THE
Central Bank of Nigeria, CBN is “reasonably optimistic” the naira will settle
at around N250 to the U.S. dollar after an initial period of weakness following
a flotation on Monday, the bank’s governor has said in a letter to President
Muhammadu Buhari.
Central Bank said on Wednesday it would begin market-driven
foreign currency trading next week, abandoning the peg of 197 naira per dollar
that it has supported for 16 months.&
Dollar Foreign investors and economists have called for months for a
devaluation as chronic foreign currency shortages choked economic growth and
deterred investment.
The naira is expected to fall sharply when inter-bank
trading begins on Monday, but the central bank said it did not have a target
for the currency and the price would be “purely” market-driven.

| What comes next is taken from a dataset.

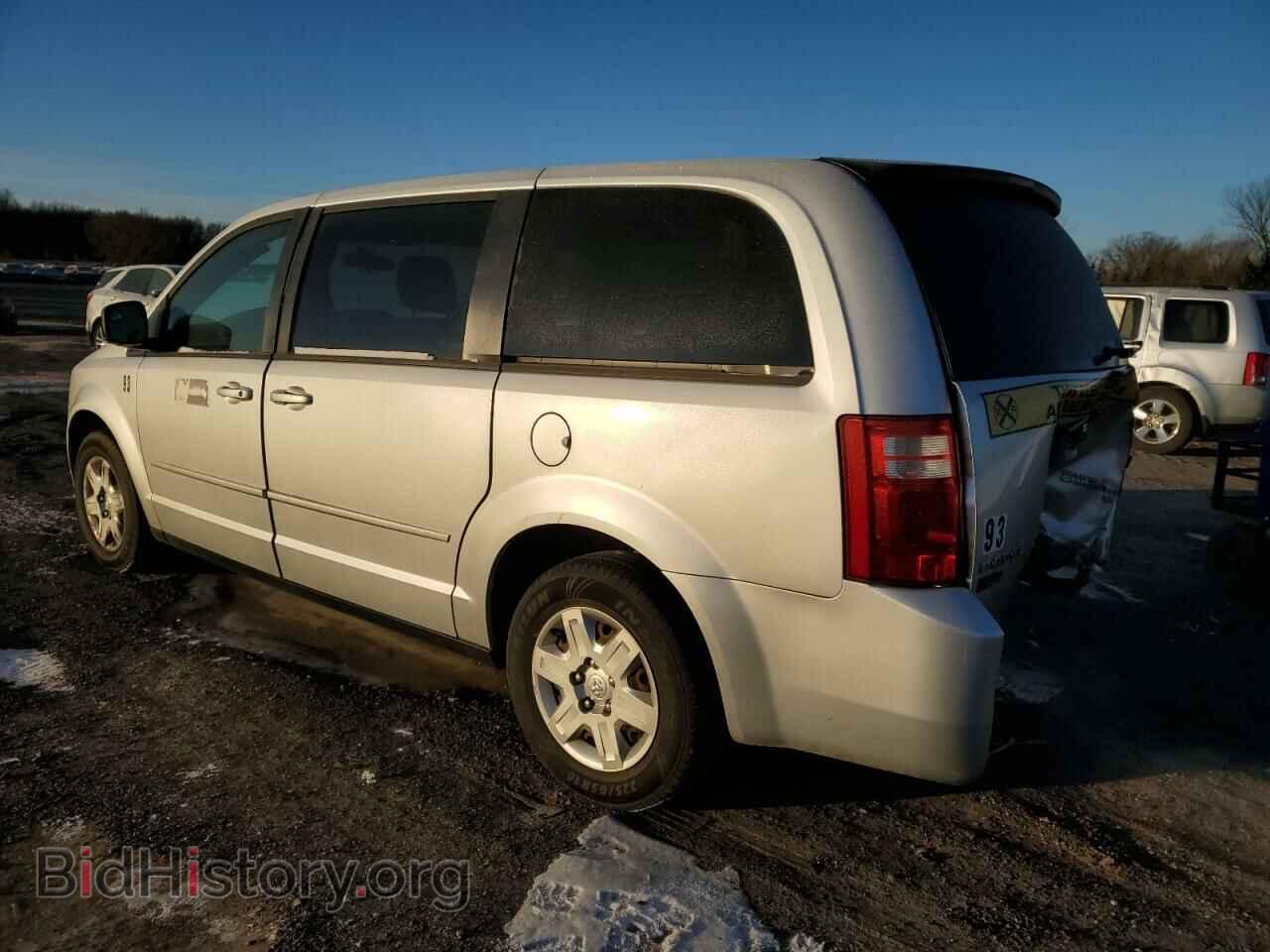 2010 DODGE CARAVAN - VIN: 2D4RN4DE8AR117776 - Photo 2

The naira was
trading on the black market at around 370 to the dollar on Thursday. Giving the
first indication of a target, Governor Godwin Emefiele said in a June 3 letter
to Buhari — seen by Reuters — that the central bank hopes the naira will
eventually trade at around 250 per dollar, a level the president has
“approved”. “I must assure Your Excellency that we are indeed reasonably
optimistic that at some point the rate will settle around 250 naira,” Emefiele
says in the letter. The letter, which briefs Buhari on the foreign exchange
plan announced on Wednesday, says it could take three to four weeks to clear a
$4 billion backlog of foreign exchange demand. Buhari has for months said that
he does not want the naira to be devalued, but backed a more flexible exchange
rate policy when the central bank outlined its plans in May, without
elaborating.
The presidency has not commented on the new regime, with Buhari’s
spokesman declining to comment when Reuters called on Wednesday. The central
bank could not be immediately reached for comment. Africa’s biggest economy,
which contracted by 0.4 percent in the first quarter, faces its worst crisis in
decades after the decline in oil prices since 2014 and last year’s introduction
of a currency peg, which prompted a large-scale capital flight. With a likely
sharp fall for the naira, Nigerian products will become relatively cheap and
imports more expensive, which should stimulate the domestic economy but also
lift inflation. Buhari has previously raised concerns about the inflationary
impact that a weaker currency will have on Nigeria’s poor. Nigeria, Africa’s
largest crude exporter, has resisted devaluing its currency for more than a year
despite other major oil producers, including Russia, Kazakhstan and Angola,
allowing currencies to fall after crude prices collapsed.